I’ve always adored literature as much as spreadsheets, so it makes sense that I started wondering about natural language soon after I started at DBC. Regretfully I haven’t made much progress beyond wondering, but I’m slated to give a briefly ‘lightning talk’ on something tomorrow, so I figured now is the time to summarize what I’ve gathered so far about this topic.

What is natural language processing (NLP) ?

NLP is a field of computer science that considers human language and how computers can interact with it. This includes relatively simple things like describing human-generated text in terms of frequency distributions, to very complex things like extracting meaning from texts or generating human-like language.

Incidentally it’s interesting to note that google trends suggests “natural language” is actually less popular of a topic now than it was in 2005; that’s interesting – I wonder if it’s now branched out too far for the general term to be used often.

What tools are easily accessible to us (i.e. people who recently started programming, primarily in ruby) for processing natural language?

Ruby Treat

I figure I should mention this first since it’s a Ruby gem. I haven’t tried it yet, but it seems to have basic functions that are similar to python’s NLTK. Treat does things like tokenizing, stemming, parsing groups of words into syntactic trees (more detail on that later).


AlchemyAPI – a company that provides text-analysis services; a few groups have used this for final projects, since they do some high-level language processing for you instead of you having to write your own algorithms (I guess this could be crazy in the context of a week-long project). They have a nice “getting started” guide for developers with examples of what they can do, including:

  • Entity extraction, keyword extraction – finding the subjects of sentences or larger pieces of text
  • Relation extraction – within sentences, isolating subject, action, object
  • Sentiment analysis – providing a numerical value on whether context around specific words is positive or negative
  • Language detection
  • Taxonomy – grouping articles into topics like politics, gardening, education, etc.

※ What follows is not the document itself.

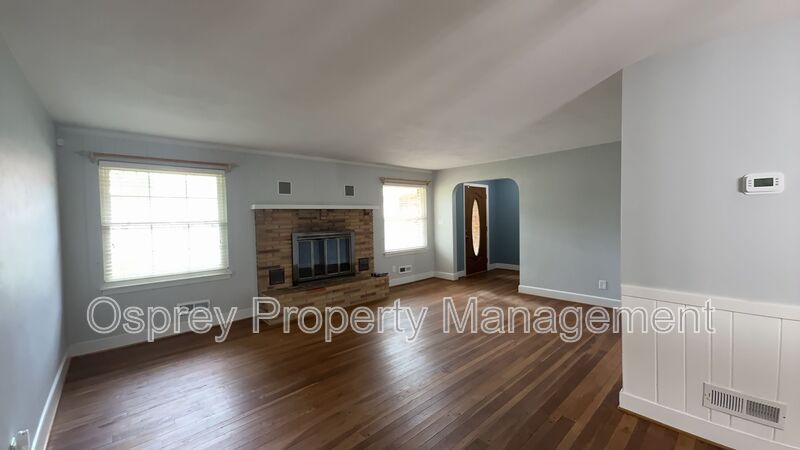 Spacious Brick Ranch Single Family Home!  - Photo 7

Semantria – seems to be comparable to Alchemy in that they also have an API that allows developers to request sentiment analysis for pieces of text; from a glance their marketing seems to be more directed towards twitter/social media.


 

Python’s NLTK is a well known library for natural language processing, and python is relatively similar to ruby as a programming language. The NLTK introductory book is easy to read and simultaneously provides an introduction to python. The basic concepts are easy to understand, but they quickly develop into sophisticated problems that remain issues in academic research. Some important concepts/vocabulary words below… in order of the book’s mentions, which follows tasks that are basic and doable with simple built-in methods, to concepts that require writing functions and large sets of data to provide meaningful results.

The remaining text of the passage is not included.